Como no citado vencedor de Cannes de 2018, Koreeda filma outra família improvável em seu novo filme Brokers (que significa “atravessador”, ou a pessoa que compra de um pra vender pra outro).
Broker é o primeiro filme de Koreeda filmado na Coréia do Sul e ele diz que escreveu o roteiro pensando em Song Kang Ho (o astro de Parasita) para viver Sang-hyeon, o atravessador do título.
Só que como para Koreeda a vida nunca é fácil, neste filme Hyeon vende crianças recém nascidas que são abandonadas anonimamente na porta de uma igreja onde ele trabalha.
Com ajuda de seu colega Dong-soo, de vez em quando eles conseguem não dar entrada em alguma criança na igreja e eles as vendem para famílias que procuram filhos no mercado negro.
Pesado? Um tico.
Mas Koreeda, o mestre, cria uma situação tão absurda para justificar os atos da dupla de atravessadores logo que eles se encontram com a mãe da criança que volta no outro dia para pegar o nenê de volta e descobre que ele não está lá.
A mãe So-young (Lee Ji-eun) diz que algo deve ter acontecido porque ela não deixou o filho no “baby box”, que são janelas colocadas estrategicamente em igrejas para que as mães deixem seus filhos sem serem vistas.
Só que uma dupla de policiais que já estavam investigando os 2 atravessadores encontram a criança no chão e a colocam onde deveria ter sido posta.
A partir daí, os 2 homens contam à mãe do nenê que seu filho está sim com eles e que eles planejam vendê-lo por muito dinheiro e se ela não quer mesmo o filho, eles podem dividir a bolada em 3.
E assim se forma a nova família improvável do diretor japonês na Coréia do Sul.
E para nossa sorte, temos o melhor dos 2 mundos: a sutileza cinematográfica japonesa, a precisão de direção de elenco e de criação de personagens de Koreeda e ainda o humor de canto de boca quase tosco coreano, que permeia todo o filme.
Eu ouso, mais uma vez, em dizer que Koreeda cria com seus filmes um realismo fantástico, quase onírico que nos transporta a um mundo totalmente plausível ao mesmo tempo que visto de uma forma única.

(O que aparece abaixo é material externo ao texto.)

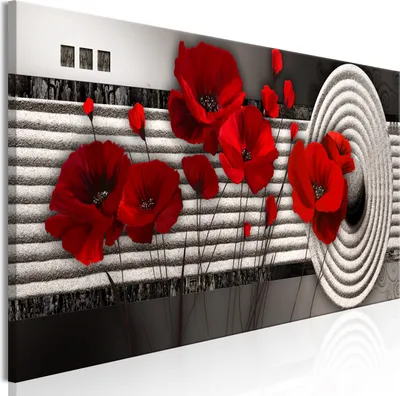 Immagine prodotto di Quadri decorativi con motivi floreali, papaveri, dimensioni 150x50 cm, confezione singola – Quadri per il soggiorno, stampe su tela moderne, decorazioni per la parete della camera da letto, codice prodotto b-A-0795-b-a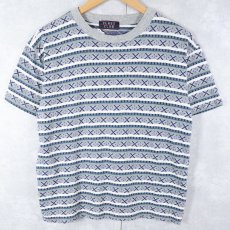 画像1: 90's CLASS CLUB USA製 マルチボーダー柄 Tシャツ L (1)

O laço criado em Brokers pelos 3 traficantes de crianças com a mãe de uma delas e a própria criança é alguma coisa que deveria nos causar algum tipo de repulsa. Ainda mais quando entra uma quinta personagem na história, um ófão de seus 11 anos de idade que vive no orfanato onde cresceu um dos homens e que se esconde no carro do grupo para fugir.
Tudo é fofo, tudo é lindinho, a intimidade deles parece aquela de famílias que passam a vida muito unidas se amando ao mesmo tempo que não se aguentam.
Mas no universo de Brokers, como tudo é muito recente e como todo mundo está junto pelo mesmo propósito (excuso, mas o mesmo), eles não brigam, eles não tem problemas uns com os outros.
Eles só se ajudam como podem.
E o que para uns pode parecer pouco, para eles é algo que eles nunca vivenciaram antes.